説明

有機ELドライバ用半導体装置

【課題】有機ELドライバを、半導体素子として高耐圧素子の使用を最小限に抑えて低電圧で高精度な素子を多用して構成することができ、チップ面積の縮小化、チップの低価格化および高精度化に対応することができる有機ELドライバ用半導体装置を提供する。

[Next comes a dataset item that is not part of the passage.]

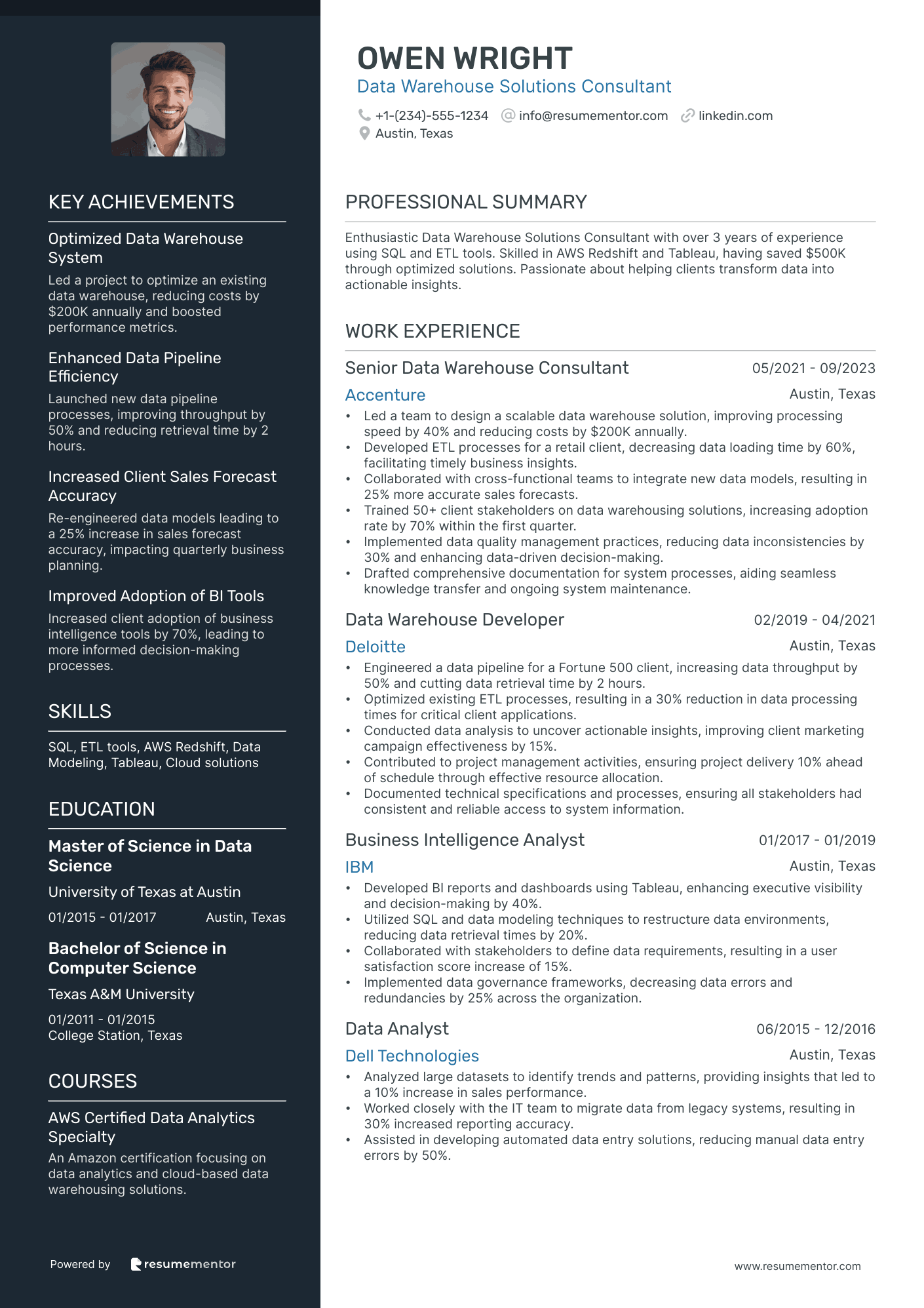 Data Warehouse Solutions Consultant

【解決手段】有機EL素子2と、有機EL素子2と電気的特性がほぼ同一の半導体素子3と、半導体素子3を駆動する電流源4と、半導体素子3の電圧を分圧した検出電圧VRを生成する抵抗10、11と、検出電圧VRに応じた駆動電圧VFELを有機EL素子に供給する昇圧回路14と、抵抗10、11に流れる電流を補填する補正回路13とを有する構成とすることにより、有機ELドライバの構成として、使用する半導体素子の耐圧を低く抑えることを可能とする。

【発明の詳細な説明】
【技術分野】
【0001】
本発明は、表示部に有機ELを用いた表示パネルにおいて有機EL表示部を駆動するための有機ELドライバ用半導体装置に関するものである。
【背景技術】
【0002】
近年、携帯電話等のモバイル機器分野において、従来の液晶に変わる表示パネルとして有機EL(エレクトロルミネッセンス)素子を用いた表示パネルが有望視されている。

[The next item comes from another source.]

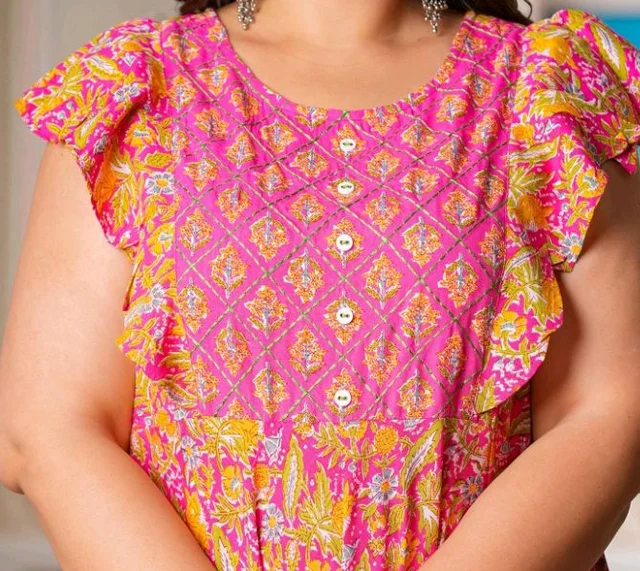 Yash Gallery Women's Rayon Regular Fit Anarkali Kurta - 2XL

しかし、上記の有機EL素子は、自発光素子であるので、駆動時間や周囲環境により電流輝度特性が変化(劣化)する。
【0003】
このような特性劣化を抑えるために、従来技術(例えば、特許文献1を参照)によれば、有機EL素子と電気的特性がほぼ同一の半導体素子を設け、半導体素子を有機EL素子の発光頻度に応じて駆動し、該半導体素子の特性変化を示す特性変化信号を発生させ、特性変化検出信号に応じた電流レベル又は電圧レベルの駆動信号を有機EL素子に供給する構成が開示されている。
【0004】
図4は従来の有機ELドライバ用半導体装置の一構成例を示す回路ブロック図である。図4において、1はバッテリ等の直流電源であり、電源電圧VBをドライバ回路部に供給する。2は有機EL素子であり、3は有機EL素子2と電気的特性がほぼ同一の半導体素子である。4は電流源であり、電流ISを半導体素子3に流し込む。5はサンプルホールド回路であり、半導体素子3の両端に発生する電圧VFEXを検出する。6はバッファ回路、7はNチャンネルFETであり、電圧VFEXに基づくサンプルホールド回路による検出電圧が、バッファ回路6を介して、ゲートに印加される。8、9はPチャンネルFETであり、電流ミラー回路を構成して、NチャンネルFET7の電流に基づいて電流ミラー回路を介して有機EL素子2を駆動する。
【0005】
以上のように構成された従来の有機ELドライバ用半導体装置においては、半導体素子3の両端に発生する電圧VFEXに基づいた電流IFELにより、有機EL素子2が駆動される。
【特許文献1】特開2004−4759号公報
【発明の開示】
【発明が解決しようとする課題】
【0006】
しかしながら上記のような従来の有機ELドライバ用半導体装置では、半導体素子3や有機EL素子2の駆動電圧は20V近くまで上昇することから、従来のドライバを半導体装置で具現化するには、高耐圧のプロセスが要求されることとなる。
【0007】
このような高耐圧プロセスは高価であり、また高耐圧素子(DMOSトランジスタ、高耐圧MOSトランジスタ)はCMOSと比較してデバイス形状が大きいため、全てを高耐圧素子で構成すると、チップ面積が大きくなってしまうことから、チップの低価格化、省実装面積化が必須と言われているモバイル機器にはあまり適さない。
【0008】
また、DMOSトランジスタや高耐圧MOSトランジスタは、CMOSと比較して相対精度が取りづらく、相対精度が要求される電流ミラー回路には適さない。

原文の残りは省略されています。